» WHAT YOU SHOULD DO
The reply should hold only the lines from the one with "a living room" to the one with "Antique Fine Senneh", both ends kept, exactly as they appear below, without any pictures.
-- RECORDS PROVIDED follows --
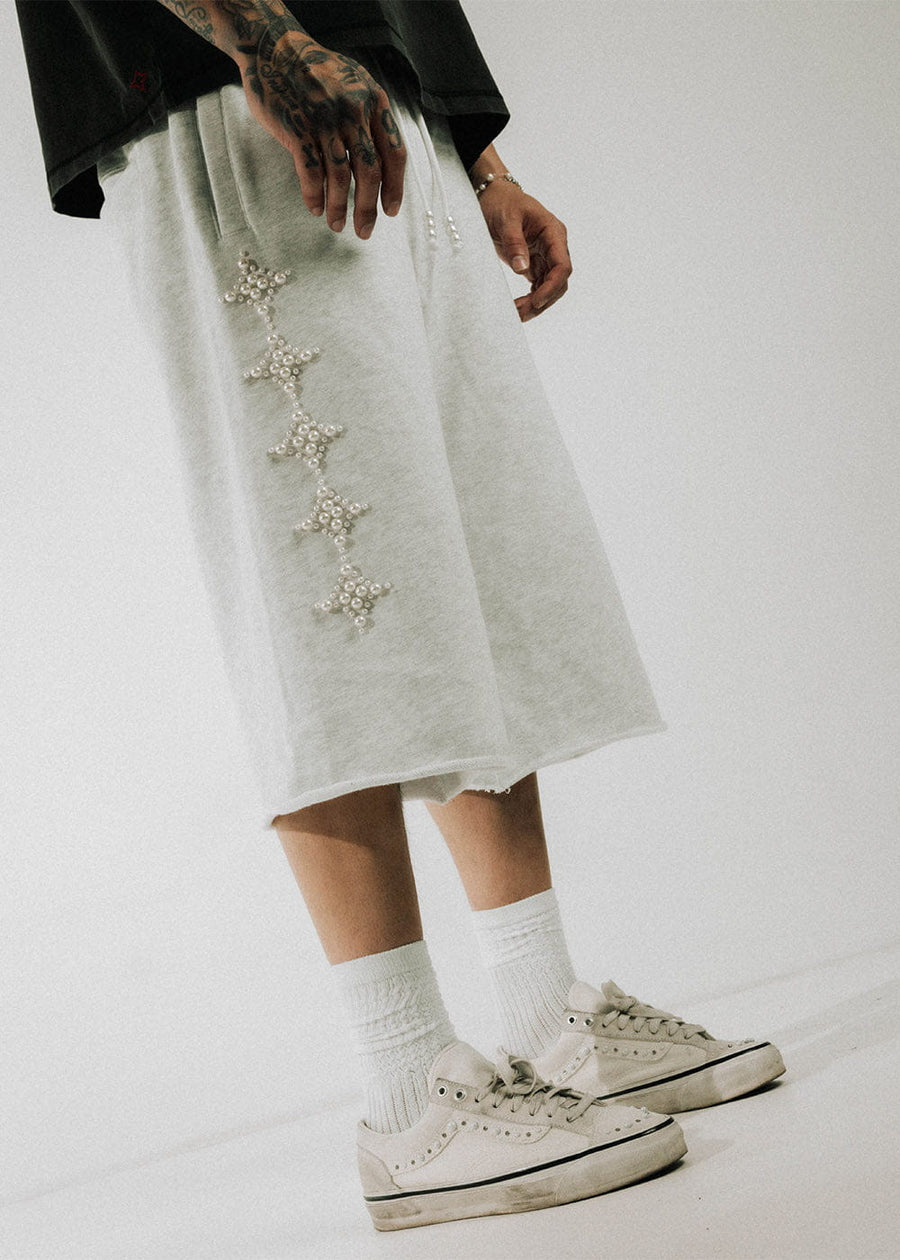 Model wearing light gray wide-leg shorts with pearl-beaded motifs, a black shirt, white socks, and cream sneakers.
-- RECORDS PROVIDED concluded --
-- RECORDS PROVIDED follows --
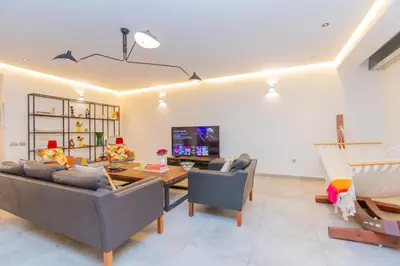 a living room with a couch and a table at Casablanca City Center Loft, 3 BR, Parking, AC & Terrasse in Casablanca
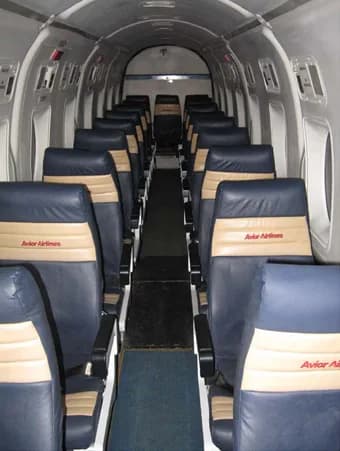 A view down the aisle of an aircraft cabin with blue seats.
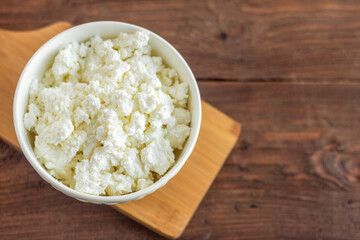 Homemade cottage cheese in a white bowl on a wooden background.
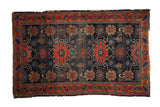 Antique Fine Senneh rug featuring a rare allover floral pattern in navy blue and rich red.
-- RECORDS PROVIDED concluded --
» REPLY
 a living room with a couch and a table at Casablanca City Center Loft, 3 BR, Parking, AC & Terrasse in Casablanca
 A view down the aisle of an aircraft cabin with blue seats.
 Homemade cottage cheese in a white bowl on a wooden background.
 Antique Fine Senneh rug featuring a rare allover floral pattern in navy blue and rich red.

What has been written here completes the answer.